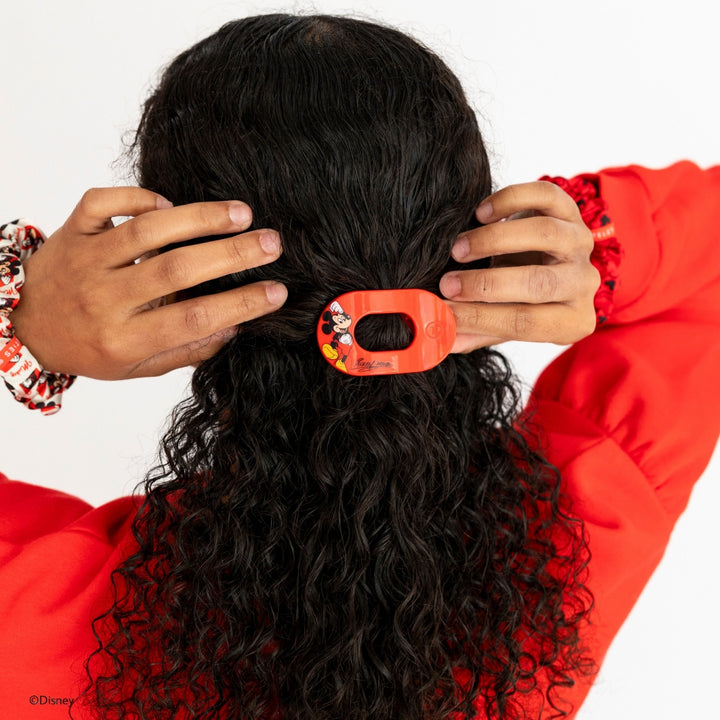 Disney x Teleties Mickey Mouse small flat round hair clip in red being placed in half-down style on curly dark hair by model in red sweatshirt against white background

* * *

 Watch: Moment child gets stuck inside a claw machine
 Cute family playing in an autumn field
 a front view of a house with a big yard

▸ **Activity**
Your answer should consist only of the lines above between the line holding "Cute family playing in an autumn field" and the line holding "a front view of a house with a big yard", inclusive, each transcribed exactly.

▸ **Solution to the exercise**
 Cute family playing in an autumn field
 a front view of a house with a big yard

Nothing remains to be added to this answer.